Restate exactly the lines below, from the one containing "Lacoste Blue Aop Ss Shirt Sn42 for men" through the final line, and leave out the pictures.

** AVAILABLE DATA **
__________________________________________________

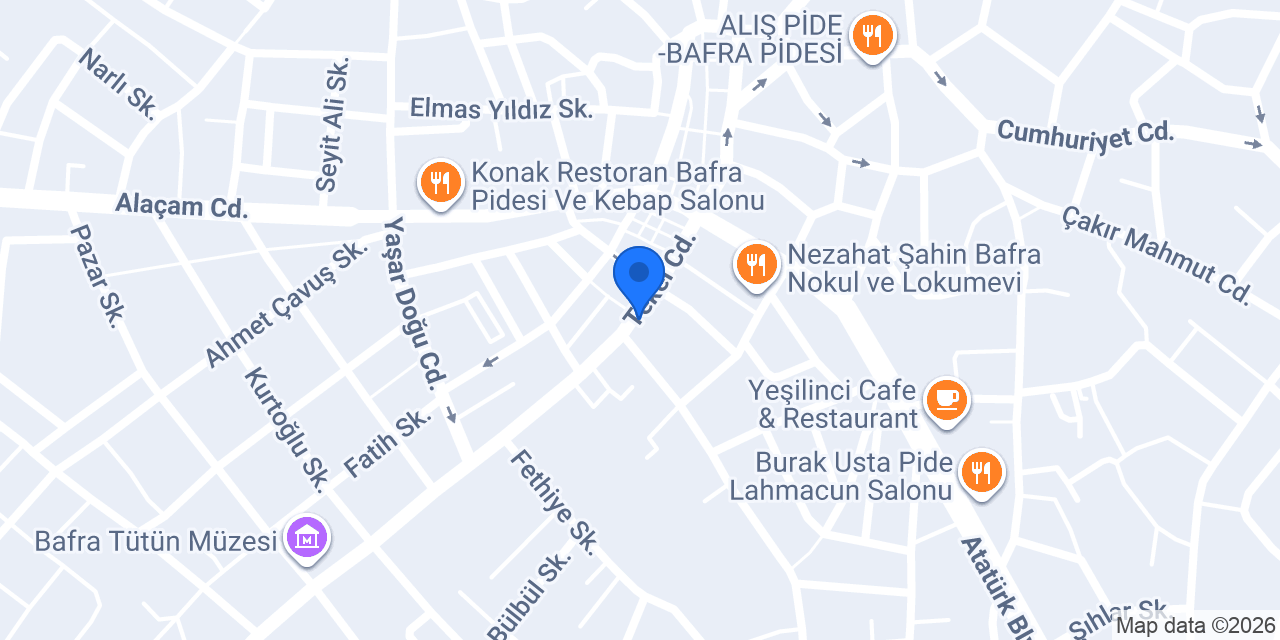 Garanti BBVA Bafra Şubesi konumu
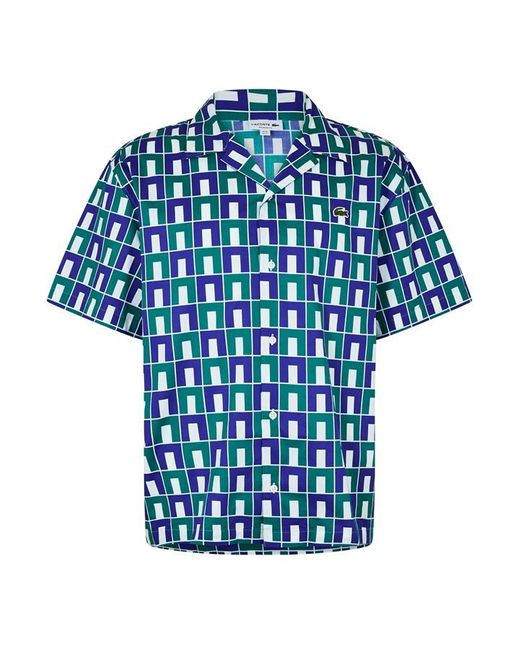 Lacoste Blue Aop Ss Shirt Sn42 for men
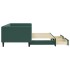 Sofá cama nido con cajones terciopelo verde oscuro 90x200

__________________________________________________

** OUTPUT BELOW **
 Lacoste Blue Aop Ss Shirt Sn42 for men
 Sofá cama nido con cajones terciopelo verde oscuro 90x200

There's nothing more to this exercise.